■ Exercise directions
The response must contain each line of the material that holds "vidaXL".

■ Provided entries
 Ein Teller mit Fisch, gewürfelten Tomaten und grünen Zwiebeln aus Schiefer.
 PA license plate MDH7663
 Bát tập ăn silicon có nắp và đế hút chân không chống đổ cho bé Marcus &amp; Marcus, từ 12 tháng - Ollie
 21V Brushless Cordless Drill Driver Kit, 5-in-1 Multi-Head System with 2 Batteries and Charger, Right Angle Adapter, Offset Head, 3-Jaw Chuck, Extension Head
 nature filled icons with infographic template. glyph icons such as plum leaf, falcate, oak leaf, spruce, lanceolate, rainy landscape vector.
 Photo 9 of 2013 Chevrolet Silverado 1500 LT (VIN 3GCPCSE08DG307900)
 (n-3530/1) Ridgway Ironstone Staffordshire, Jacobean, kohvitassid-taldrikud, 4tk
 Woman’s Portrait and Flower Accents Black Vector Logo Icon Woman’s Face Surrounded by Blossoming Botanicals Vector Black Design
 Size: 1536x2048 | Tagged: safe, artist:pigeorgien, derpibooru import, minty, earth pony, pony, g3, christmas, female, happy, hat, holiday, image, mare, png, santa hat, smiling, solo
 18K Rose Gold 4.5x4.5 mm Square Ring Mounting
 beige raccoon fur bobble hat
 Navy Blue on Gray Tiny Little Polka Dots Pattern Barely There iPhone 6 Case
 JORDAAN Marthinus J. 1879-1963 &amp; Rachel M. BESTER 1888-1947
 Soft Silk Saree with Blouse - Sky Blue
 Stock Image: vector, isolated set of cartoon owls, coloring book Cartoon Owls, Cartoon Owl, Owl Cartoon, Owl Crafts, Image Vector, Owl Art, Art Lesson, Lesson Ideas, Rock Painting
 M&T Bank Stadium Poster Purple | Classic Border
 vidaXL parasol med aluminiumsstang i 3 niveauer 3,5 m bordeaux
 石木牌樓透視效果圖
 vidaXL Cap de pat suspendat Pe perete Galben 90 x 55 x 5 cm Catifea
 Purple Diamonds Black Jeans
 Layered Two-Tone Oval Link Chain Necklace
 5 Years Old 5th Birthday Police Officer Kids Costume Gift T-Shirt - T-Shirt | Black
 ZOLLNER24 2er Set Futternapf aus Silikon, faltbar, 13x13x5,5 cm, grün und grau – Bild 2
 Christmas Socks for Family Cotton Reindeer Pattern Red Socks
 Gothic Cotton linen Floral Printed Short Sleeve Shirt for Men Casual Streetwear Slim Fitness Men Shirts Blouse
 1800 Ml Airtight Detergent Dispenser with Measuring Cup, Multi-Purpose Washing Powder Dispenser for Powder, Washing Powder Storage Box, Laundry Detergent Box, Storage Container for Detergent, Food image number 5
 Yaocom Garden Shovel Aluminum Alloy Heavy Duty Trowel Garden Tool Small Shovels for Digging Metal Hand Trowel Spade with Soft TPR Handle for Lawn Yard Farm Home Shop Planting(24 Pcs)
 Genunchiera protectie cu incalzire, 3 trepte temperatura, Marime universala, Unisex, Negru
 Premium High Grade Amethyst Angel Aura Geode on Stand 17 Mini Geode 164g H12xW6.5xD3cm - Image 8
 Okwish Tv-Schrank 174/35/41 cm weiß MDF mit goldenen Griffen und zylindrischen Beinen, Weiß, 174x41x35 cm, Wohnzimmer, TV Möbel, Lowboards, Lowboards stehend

■ Exercise result
 vidaXL parasol med aluminiumsstang i 3 niveauer 3,5 m bordeaux
 vidaXL Cap de pat suspendat Pe perete Galben 90 x 55 x 5 cm Catifea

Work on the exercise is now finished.